3.3. Human Health Risks of Heavy Metal(loid)s in Ground Dust

3.3.1. Non-Carcinogenic Risk to Residents

The hazard index (HI) of non-carcinogenic risk of metal(loid)s in ground dust to residents is shown in Figure 5. The value of HI <1 indicates a negligible non-carcinogenic risk to residents, whereas when HI >1 there is a concern for non-carcinogenic health effects [37]. For adults, there was no risk of multiway exposure in both the IZS area and the control site (Figure 5a), whereas the situation for children was not optimistic (Figure 5b). In 2008, the HI values of As and Pb for children were 3.31 and 4.86, respectively (Table S4), with values far exceeding 1. Despite the significantly decreasing heavy metals concentration in dust samples, the HI values of As and Pb in 2018 were still over the acceptable value (1.43 for As, 2.09 for Pb) (Table S5), indicating that As and Pb posed non-carcinogenic health risks to children even a decade after the termination of IZS. Furthermore, the HI of children was 2–7 fold higher than that of the adults in most cases (Tables S4–S6), suggesting that children were more susceptible to similar exposure levels. This is due to the fact that children have frequent hand-to-mouth behavior, lower body weight, closer proximity to the floor and different metabolisms compared to adults. The contribution of different exposure routes was ranked as follows: ingestion > dermal contact > inhalation for both adults and children (Tables S4–S6). This sequence applies to all elements in this study with one exception (Hg); the inhalation of Hg vapor was the principal exposure route instead of particulate matter, which agrees with the previous study [54]. The results demonstrated that As and Pb were the most important pollutants in ground dust of the IZS area that posed a non-carcinogenic health risk to residents, especially children. Thus, the potential health risks to children resulting from exposure to ground dust cannot be neglected.

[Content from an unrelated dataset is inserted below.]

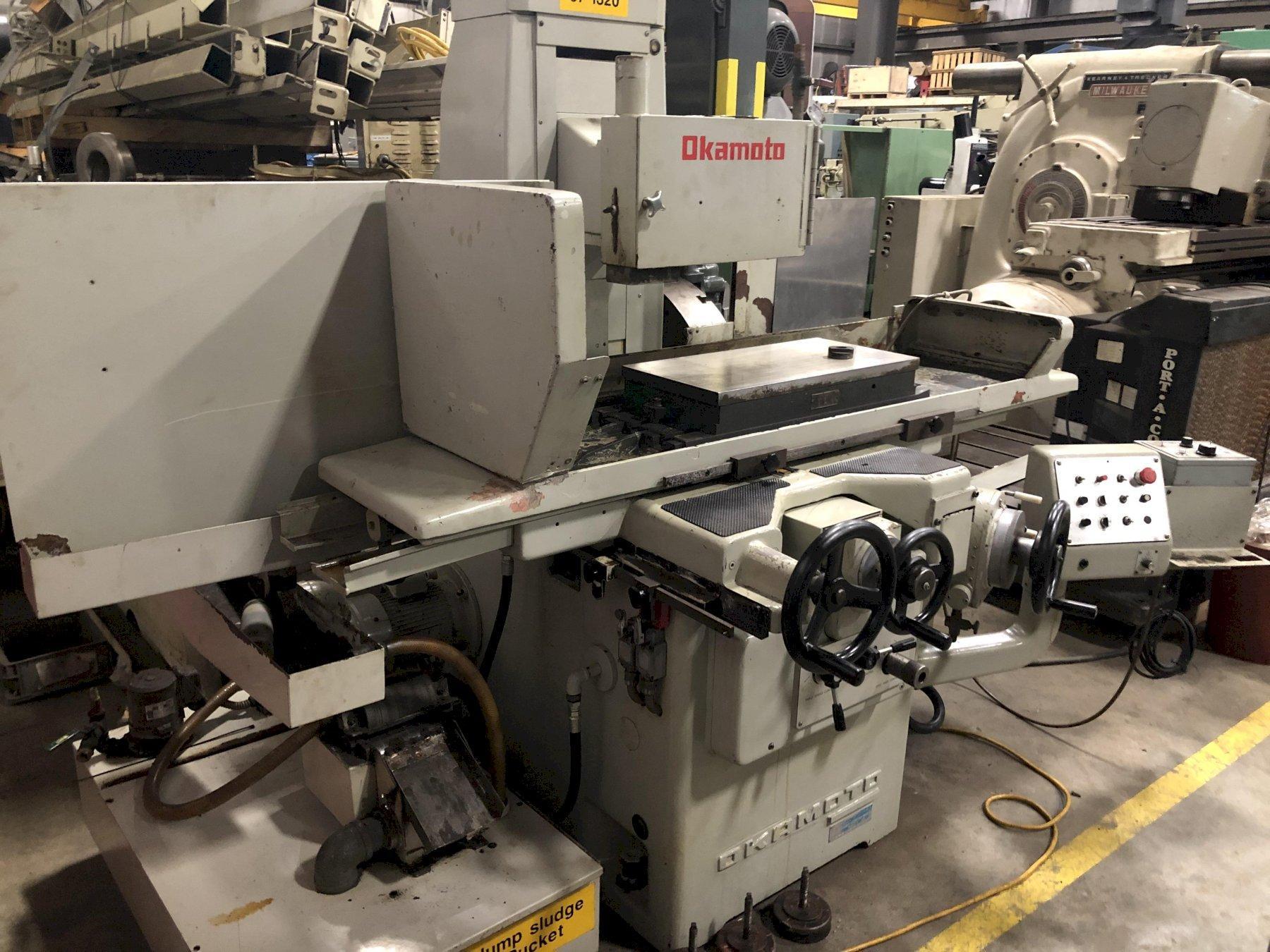 12" x 24" OKAMOTO SURFACE GRINDER, MODEL 124N, AUTO DOWNFEED, FINELINE CHUCK WITH VARIABLE CONTROLS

3.3.2. Carcinogenic Risk to Residents’ Health

Figure 6 shows the carcinogenic risk of exposure to As, Cd, Co, Cr, and Ni in ground dust. The corresponding data is listed in Table S7. The risk decreased in the following order: As≈Cr>> Co> Cd> Ni. For adults, the calculated risk for all these five elements did not exceed threshold value (10⁻⁶–10⁻⁴) [55] in the IZS area both in 2008 and 2018. Although the levels of As and Cr for children were somewhat higher than those for adults, Cr was still in the acceptable value range. However, As represented the risk of 1.48 × 10⁻⁶ in 2008, indicating an unacceptable carcinogenic risk. For both subpopulations, the carcinogenic risk of Cd and Co exposure (10⁻⁸–10⁻⁷) fell below the threshold, and the risk of Ni exposure was within the lower range of 10⁻⁸–10⁻⁹. It suggested that Cd, Co, and Ni exposure pose a negligible risk. Although there is an obvious disparity in the results for the IZS and the control area, the carcinogenic risk of exposure to five metals in ground dust was generally low, with As for children as an exception.

4. Conclusions

In this study, the dynamics of fifteen heavy metal(loid)s in ground dust at a former IZS area in Guizhou were tracked over 2008–2018 after the cessation of IZS in 2006. Over half of the elements (e.g., Ag, As, Cd, Cu, Pb, Sb, Sn, Zn) decreased significantly over this period, thanks to the smoke reduction after the cessation of IZS activities and the treatment of smelting residues by blocking the source of heavy metal(loid)s, while the mean concentrations of Zn (1,287 mg/kg), Pb (762 mg/kg), Cd (7.76 mg/kg), and As (41.9 mg/kg) in 2018 was still high. Consequently, Pb and As represented the highest risk of non-carcinogenic adverse health impacts on the local residents, with the non-carcinogenic risk to local children in 2018 still higher than 1, suggesting that children were at high health risk. Therefore, continuous removal of remaining untreated smelting residues and potteries in the IZS area would be a top priority to further reduce the pollution of heavy metal(loid)s in ground dust. In addition, experiments with simulated gastric or lung fluids should be conducted in the future to have real data on potential bioaccesibility of these contaminants.